*** Opening Input data ***

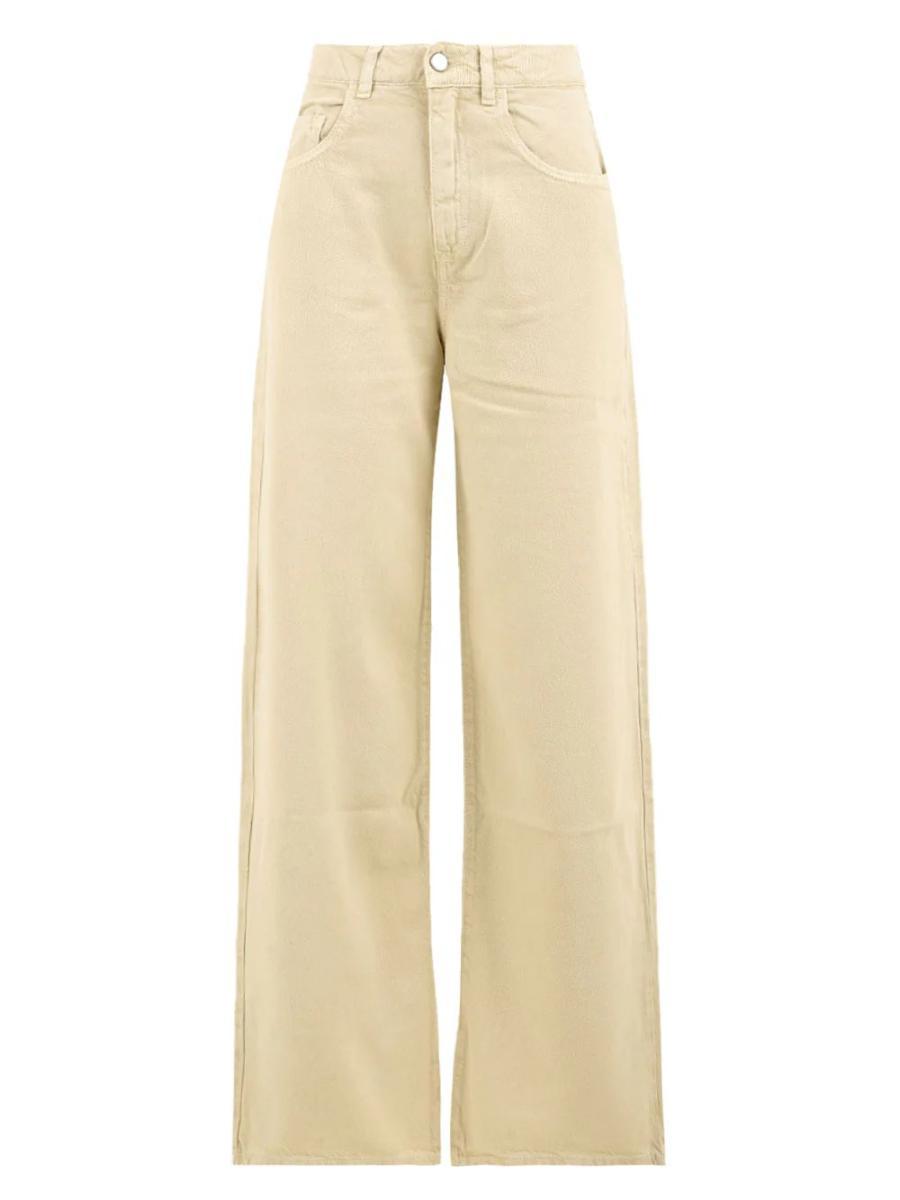Jeans Poppy ICON DENIM LOS ANGELES Donna - Beige-Beige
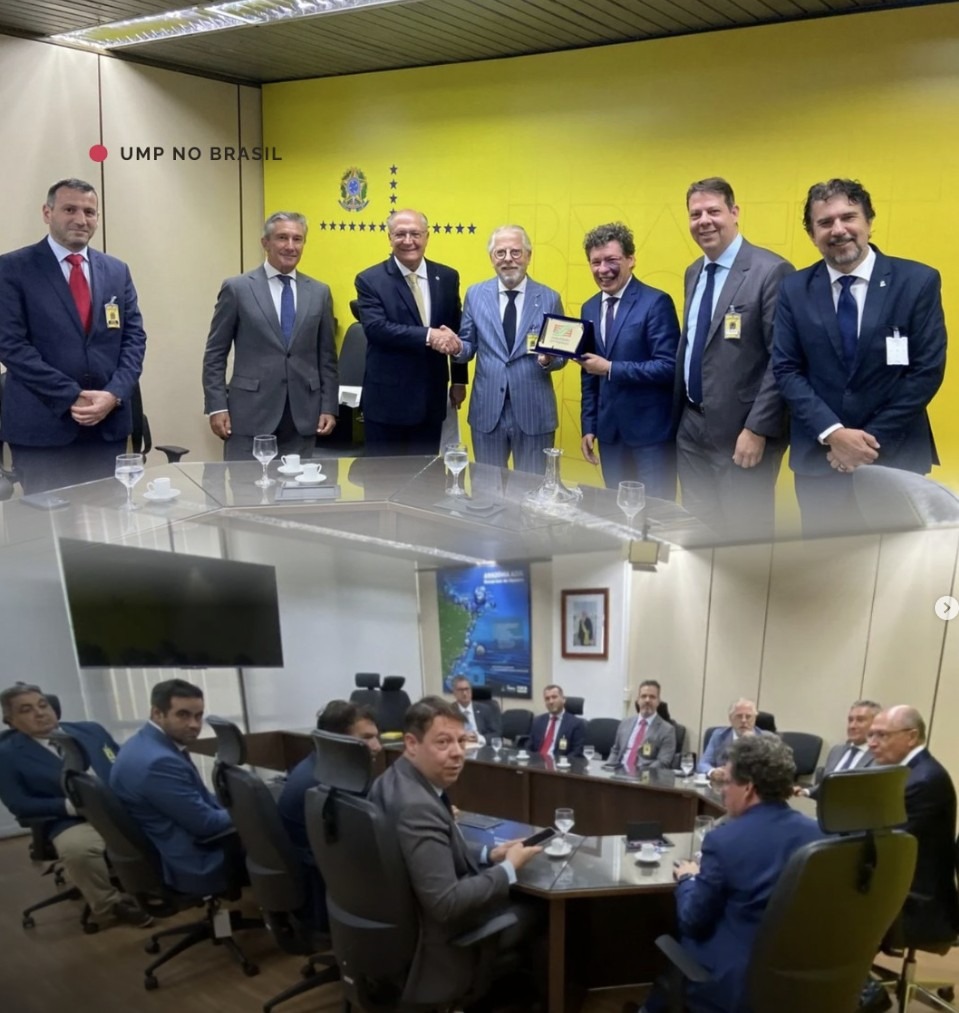 Audi&ecirc;ncia com Presid&ecirc;ncia do Brasil abre caminho &agrave; coopera&ccedil;&atilde;o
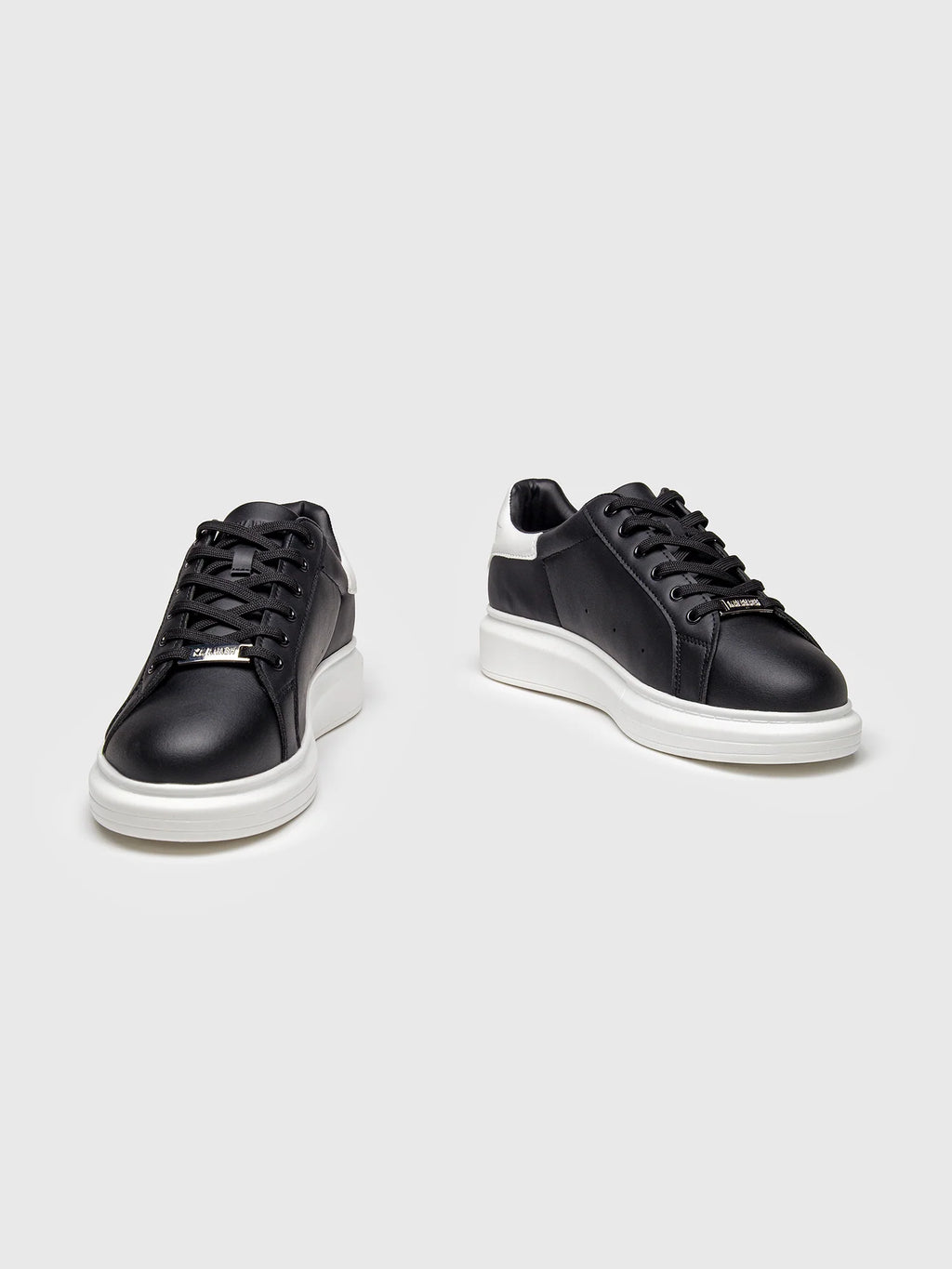 GIANNI KAVANAGH Zapatillas con Velcro Negras Core Upscale GKM007480.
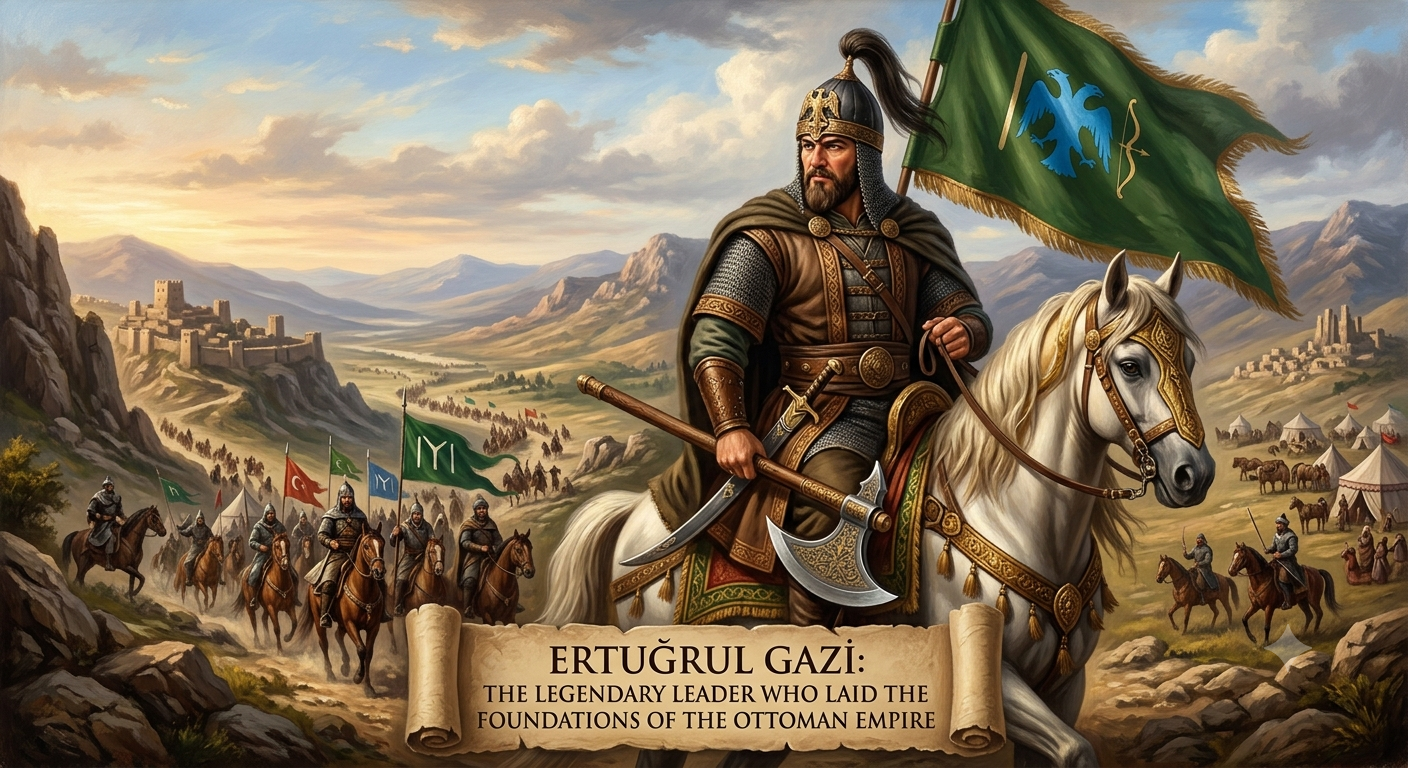 Ertuğrul Gazi The Legendary Leader Who Laid the Foundations of the Ottoman Empire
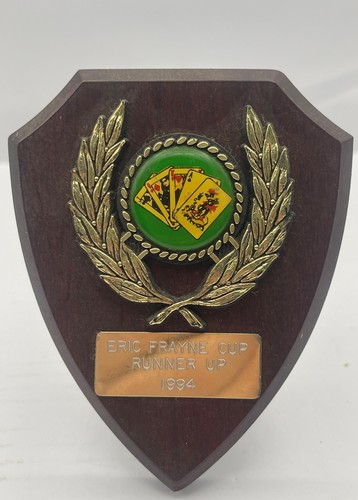 Eric frayne cup - eric,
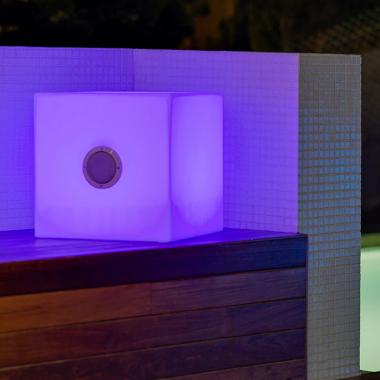 Producto de Cubo LED RGBW Cuby 45 Light&Music Play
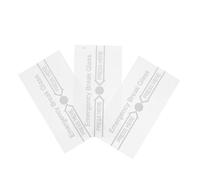 Toddmomy 3 Pièces Couvercle D'Interrupteur D'Alarme De Bris De Verre Panneau D'Alarme Incendie Panneau D'Alarme De Sécurité en Verre Dispositif D'Alarme De Bris De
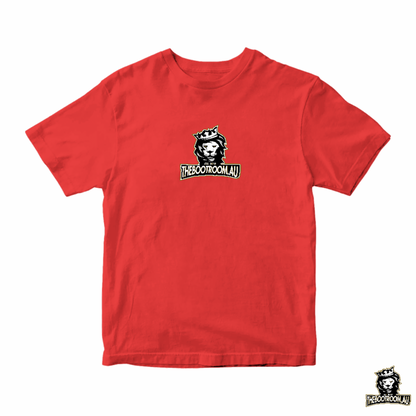 SMALL LOGO TSHIRT - RED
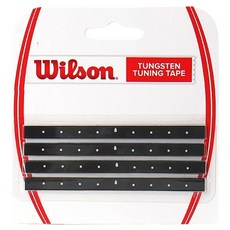 Wilson 鎢鋼改裝鉛片 WRZ535900 4入, 黑色, 1個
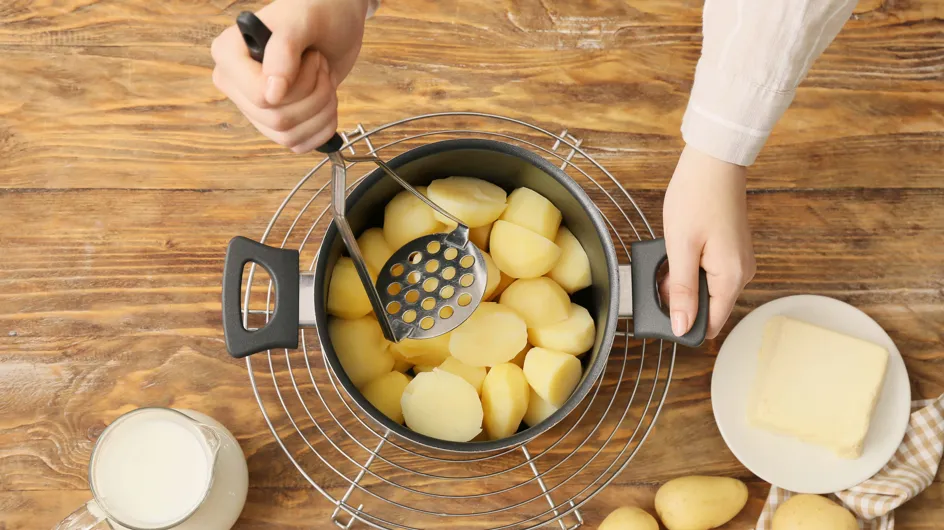Arrêtez de mixer vos pommes de terre, voici comment obtenir une purée vraiment savoureuse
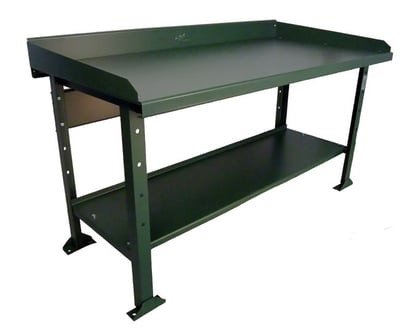 Formed 12ga Steel Heavy Duty Workbench - H121-829-35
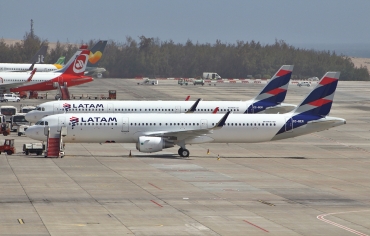 CC-BEN (7287) 2016 Airbus A321-211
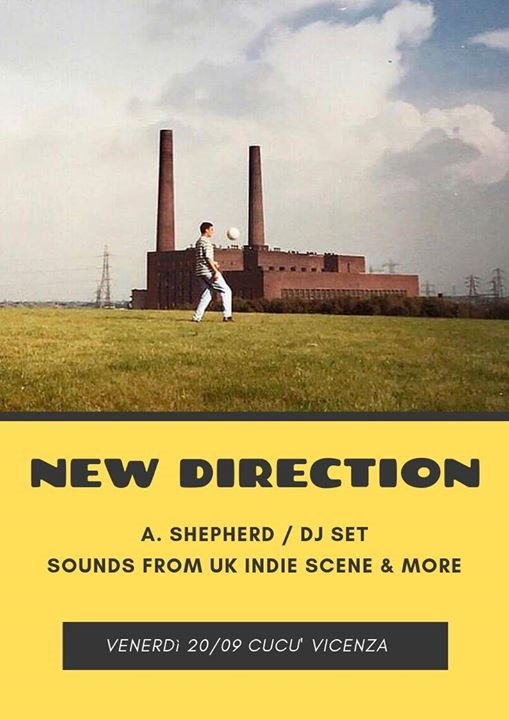 New Direction*Vinyl Dj Set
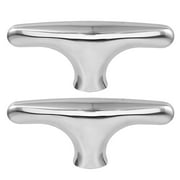 Voiceine 2 Pcs Stainless Steel Oven Door Handle Replacement Food Warmer Buffet Server Handle For Breakfast Buffet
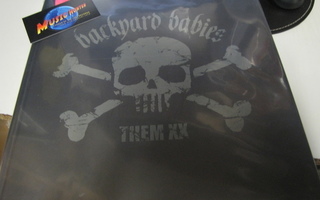 BACKYARD BABIES - THEM MIX UUSI 4CD + KIRJA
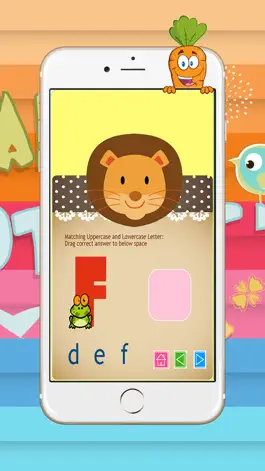 Game screenshot Learn Alphabet A to Z Worksheets for Preschoolers apk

*** Closing Input data ***

## [What is required]
Pictures excluded, reproduce only the part above that opens with the line holding "Audi&ecirc;ncia com Presid&ecirc;ncia" and closes with the line holding "CC-BEN (7287) 2016 Airbus A321-211", exactly as written.

## [Response to this task]
 Audi&ecirc;ncia com Presid&ecirc;ncia do Brasil abre caminho &agrave; coopera&ccedil;&atilde;o
 GIANNI KAVANAGH Zapatillas con Velcro Negras Core Upscale GKM007480.
 Ertuğrul Gazi The Legendary Leader Who Laid the Foundations of the Ottoman Empire
 Eric frayne cup - eric,
 Producto de Cubo LED RGBW Cuby 45 Light&Music Play
 Toddmomy 3 Pièces Couvercle D'Interrupteur D'Alarme De Bris De Verre Panneau D'Alarme Incendie Panneau D'Alarme De Sécurité en Verre Dispositif D'Alarme De Bris De
 SMALL LOGO TSHIRT - RED
 Wilson 鎢鋼改裝鉛片 WRZ535900 4入, 黑色, 1個
Arrêtez de mixer vos pommes de terre, voici comment obtenir une purée vraiment savoureuse
 Formed 12ga Steel Heavy Duty Workbench - H121-829-35
 CC-BEN (7287) 2016 Airbus A321-211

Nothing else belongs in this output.